### WORK TO COMPLETE:
Repeat exactly the lines that begin at the one containing "Table Lamps Uttermost" and end at the final line of the records; include no pictures and nothing else.

START DATA RECORDS

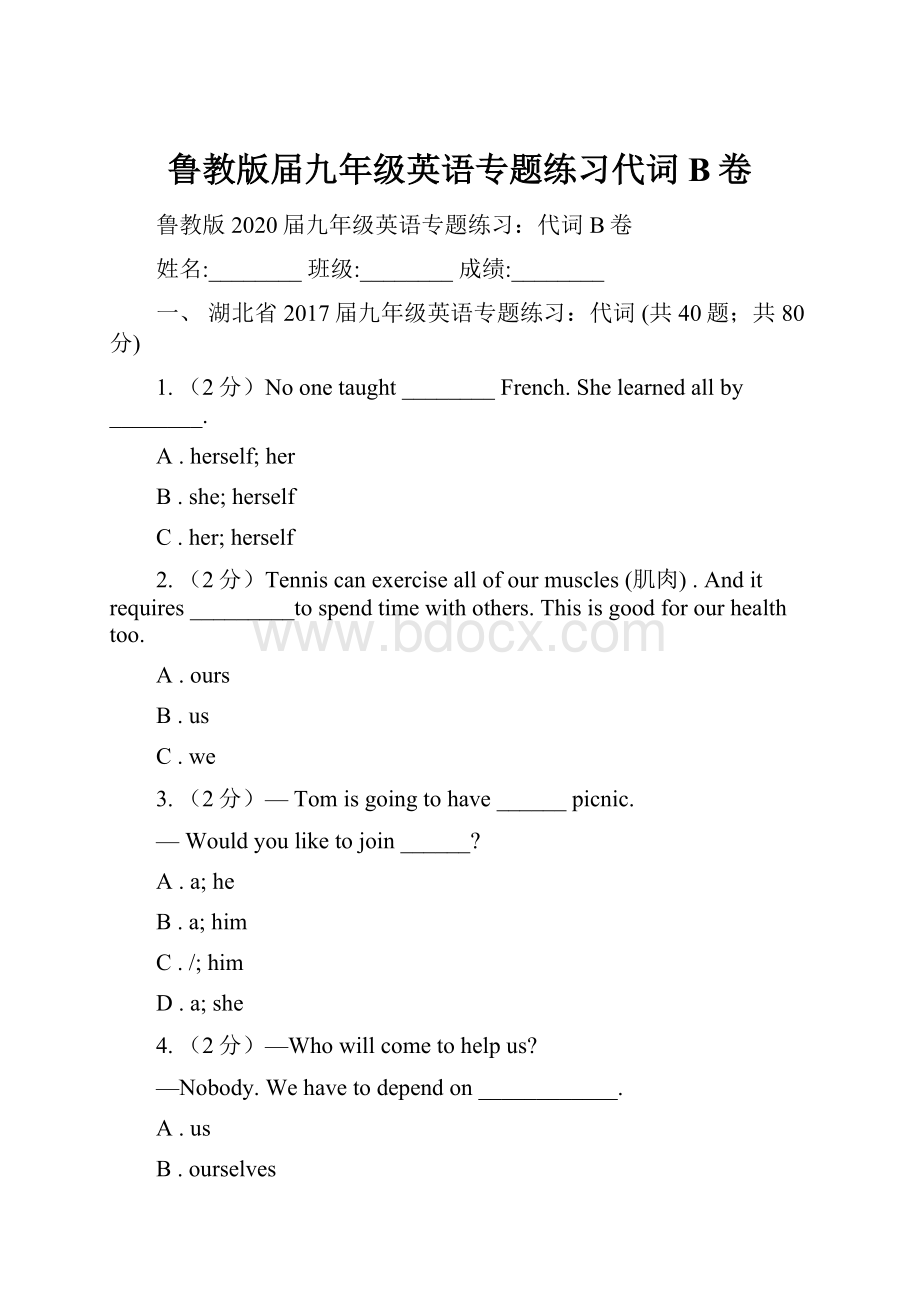 鲁教版届九年级英语专题练习代词B卷.docx_第1页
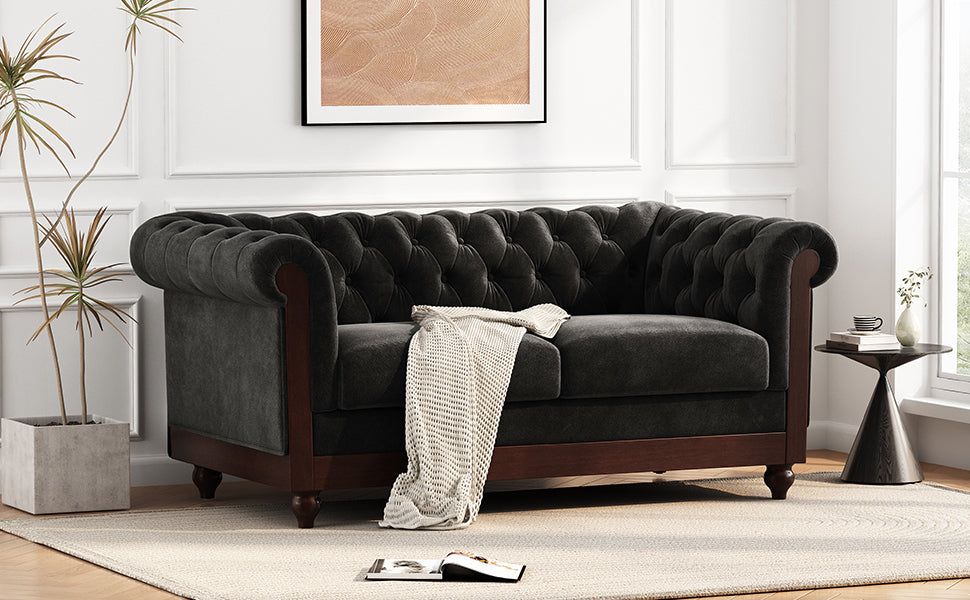 Vivalux 59.44" Chesterfield Velvet Loveseat Sofa,2 Person Rolled Arm Dutch Plush Upholstered Sofa Couch With Tufted Button For Living Room, Bedroom, Small Places,Black Black Espresso Velvet Wood Primary Living Space Soft Tufted Back Casual,Classic Pine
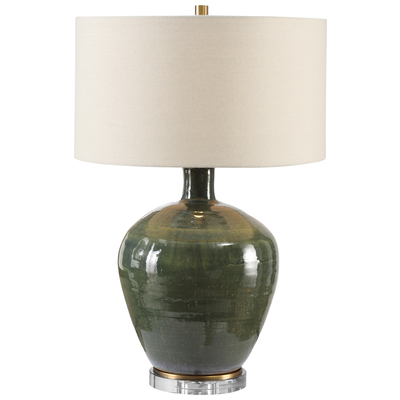 Table Lamps Uttermost Elva Steel&ceramic&crystal This Ceramic Base Is Finished Lamps 27759 792977789711 Table Lamp Beige Blue navy teal turquiose TABLE Blown Glass Crystal Brass Cem 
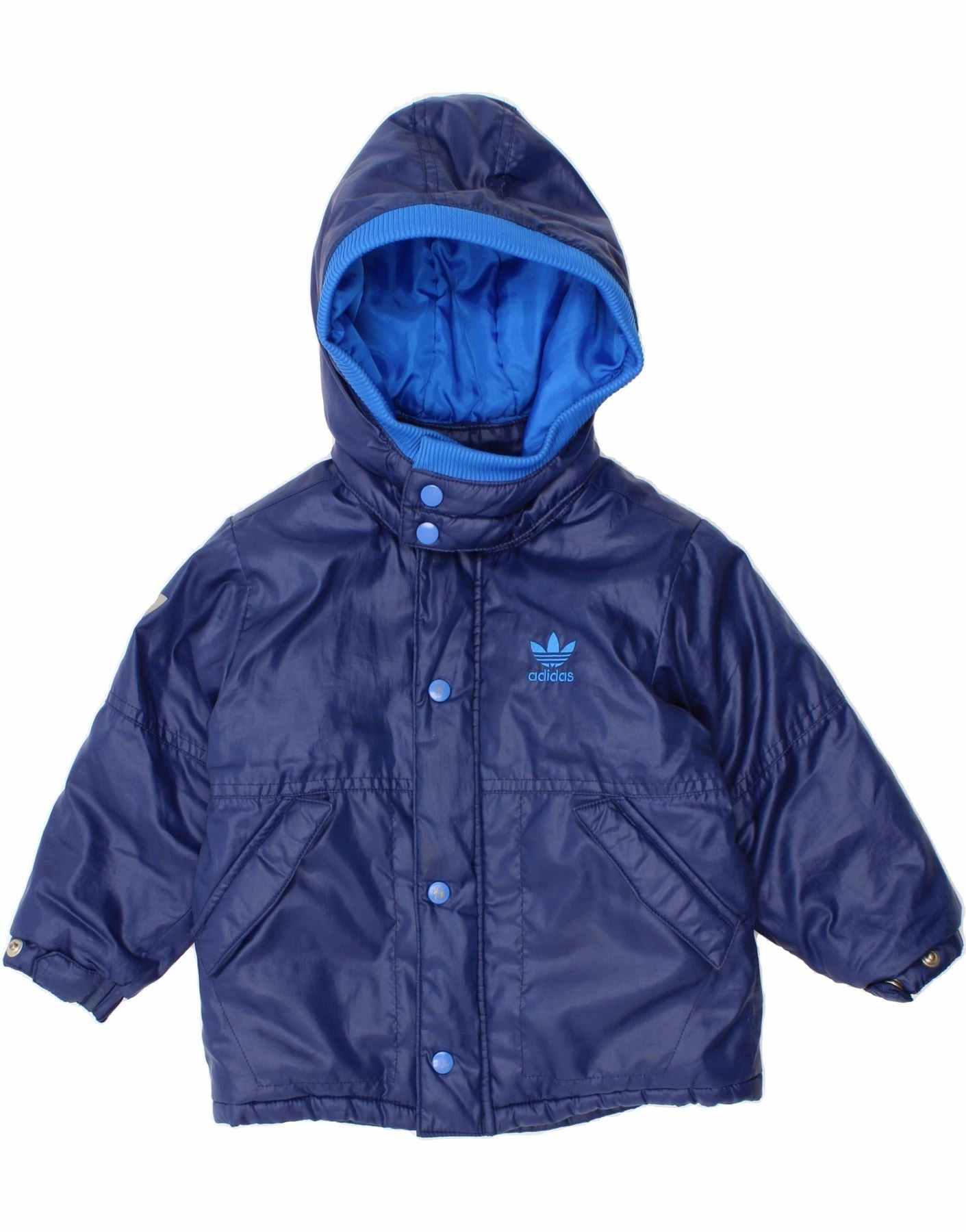 ADIDAS Baby Boys Hooded Padded Jacket 18-24 Months Blue Polyester Rank Imagine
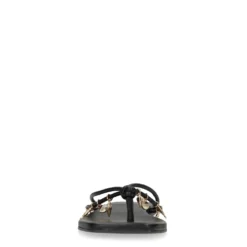 Zwarte leren slippers met goudkleurige charms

END DATA RECORDS

### RESULT OF THIS TASK:
 Table Lamps Uttermost Elva Steel&ceramic&crystal This Ceramic Base Is Finished Lamps 27759 792977789711 Table Lamp Beige Blue navy teal turquiose TABLE Blown Glass Crystal Brass Cem 
 ADIDAS Baby Boys Hooded Padded Jacket 18-24 Months Blue Polyester Rank Imagine
 Zwarte leren slippers met goudkleurige charms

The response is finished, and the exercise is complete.